Available data:
------

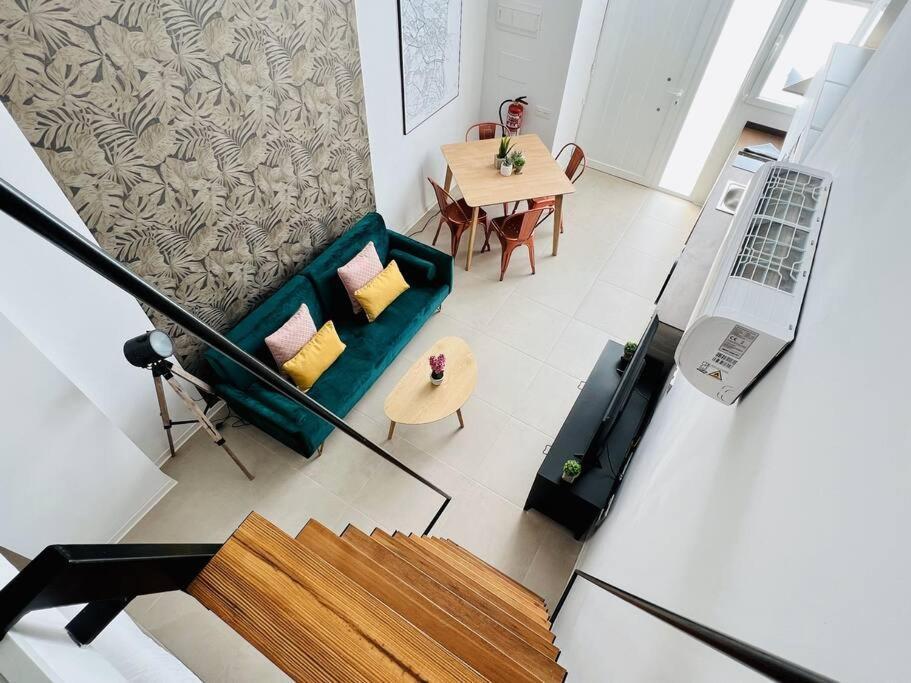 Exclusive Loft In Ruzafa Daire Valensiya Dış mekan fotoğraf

------

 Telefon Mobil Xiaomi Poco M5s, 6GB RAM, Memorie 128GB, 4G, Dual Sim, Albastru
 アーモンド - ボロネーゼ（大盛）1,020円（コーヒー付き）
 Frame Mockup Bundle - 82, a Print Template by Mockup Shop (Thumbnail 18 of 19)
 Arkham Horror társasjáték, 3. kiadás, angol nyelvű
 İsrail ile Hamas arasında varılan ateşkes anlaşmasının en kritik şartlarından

------

Activity:
Only the lines above starting at the line that holds "アーモンド - ボロネーゼ（大盛）1,020円（コーヒー付き）" and ending at the line that holds "İsrail ile Hamas" are to be repeated, exactly and in full.

Solution for this problem:
 アーモンド - ボロネーゼ（大盛）1,020円（コーヒー付き）
 Frame Mockup Bundle - 82, a Print Template by Mockup Shop (Thumbnail 18 of 19)
 Arkham Horror társasjáték, 3. kiadás, angol nyelvű
 İsrail ile Hamas arasında varılan ateşkes anlaşmasının en kritik şartlarından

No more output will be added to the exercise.